Dumbledore me regarde à nouveau, ses yeux toujours pénétrants, mais pas intrusifs. A ce moment précis, je pense qu'il a compris ma détresse, qu'il a compris que je n'ai jamais eu de rapports intimes avec une femme
– Du calme Remus, croyez-moi, mon intention n'est pas de rajouter à vos difficultés, bien au contraire. Peut-être Minerva et moi avons-nous effectivement commis une erreur d'appréciation, et je m'aperçois que je viens de vous blesser, en tout cas le moment était-il sans doute mal choisi ... donc, n'en parlons plus. Je demanderais à Hagrid d'endosser le rôle de mentor, je suis sûr qu'il en sera ravi et honoré
– Je sens la pique que contiennent ses paroles, mais je suis trop fatigué pour en être blessé. Je prends congé de Dumbledore, qui m'expliquent que mon appartement se trouve au quatrième étage, au dessus de la bibliothèque. Filch ayant fixé un parchemin avec mon nom sur la porte, je devrais trouver facilement et aurait toute latitude de changer le mot de passe provisoire qui était " maestus".
Abattu, affligé, sinistre, finalement je le garderai peut-être.

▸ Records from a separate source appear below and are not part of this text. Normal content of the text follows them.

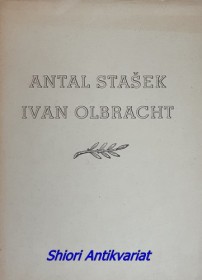 ANTAL STAŠEK - IVAN OLBRACHT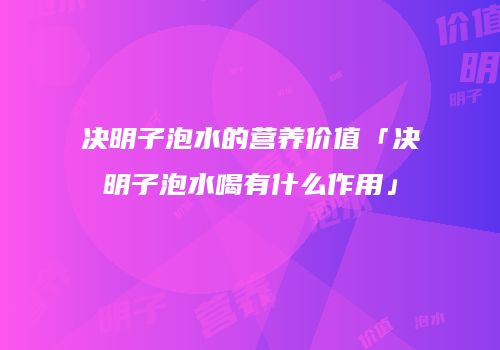 决明子泡水的营养价值「决明子泡水喝有什么作用」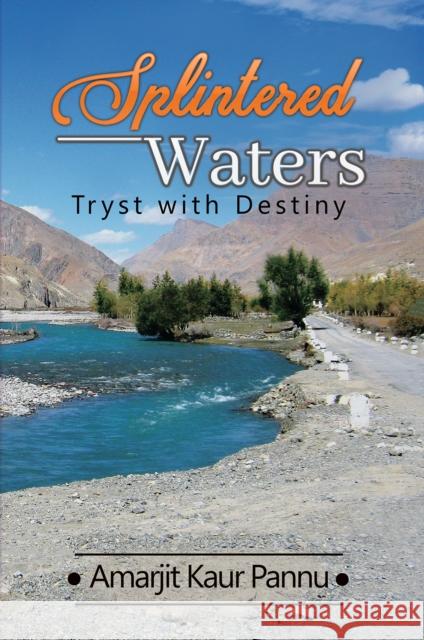 Splintered Waters: Tryst with Destiny Amarjit Kaur Pannu 9781647501495 Austin Macauley Publishers LLC - książka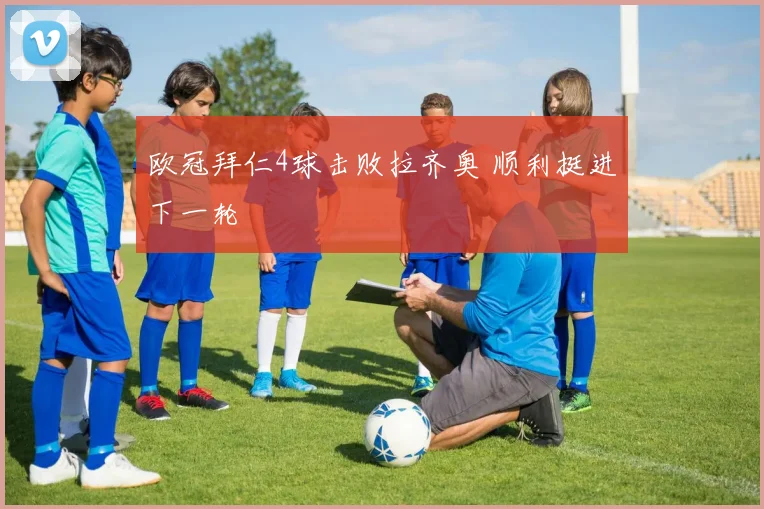 欧冠拜仁4球击败拉齐奥 顺利挺进下一轮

J'ai effectivement trouvé facilement, et refermant ma porte, je me suis enfin retrouvé seul. Quelques préparatifs m'amenèrent vite dans mon lit, je réfléchis encore quelques temps à la manière discourtoise dont j'avais refusé la proposition de Dumbledore, en me rendant compte que j'avais déjà commencé à regretter ma réponse au moment même où je l'exprimais.
Je m'obligeai pourtant à ne pas me sentir coupable, espérant que Dumbledore avait à cette heure déjà compris mes raisons. Puis j'arrivai enfin à identifier ce qui me chiffonnait encore : Dumbledore ne se serait-il pas mépris sur le sens de mes paroles " Je n'ai pas l'habitude des jeunes femmes " et n'en aurait-il pas déduit que j'étais homosexuel ? Pendant mes années d'études, je m'étais vaguement rendu compte que certains tiraient ce genre de conclusions, se basant sur mon absence de relation suivie avec quelque étudiante que ce soit à Hogwarts, j'avais traité ces rumeurs avec la plus grande indifférence, après tout mieux valait passer pour un gay qu'être démasqué comme loup-garou.

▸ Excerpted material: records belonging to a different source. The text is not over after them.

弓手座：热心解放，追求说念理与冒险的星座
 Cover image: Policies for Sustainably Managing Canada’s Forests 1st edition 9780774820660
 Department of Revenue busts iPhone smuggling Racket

Alors que j'étais en dernière année, un étudiant plus jeune m'avait fait des avances , il s'était bien vite rendu compte de son erreur, je lui avais promis la discrétion et j'imagine qu'il était allé tenté sa chance ailleurs. Par la suite, je m'étais dit à plusieurs reprises que me lancer dans une relation avec un homme aurait pu être une solution, assouvir mon désir, apaiser ma chair, sans avoir à affronter la question de l'impossibilité d'une paternité. Mais je ne suis jamais allé au-delà de la simple spéculation dans ce domaine. Ce sont les corps des femmes qui m'ont fait crever de désir et de frustration.
Jusqu'à ce que, ne pouvant plus supporter les tourments de ces ardeurs inassouvies, je me résolve à recourir à une potion, permettant de "juguler les échauffements de la chair" comme l'expliquait cliniquement le grimoire du XVIième siècle dans lequel je la découvris. Maintenant, je suis un homme sans désir physique, donc encore plus anormal qu'avant. Mais peu importe ce que pense Dumbledore à ce sujet, ce que je lui dois maintenant, c'est simplement d'être un bon professeur. Et je cessai de penser à quoi que ce soit.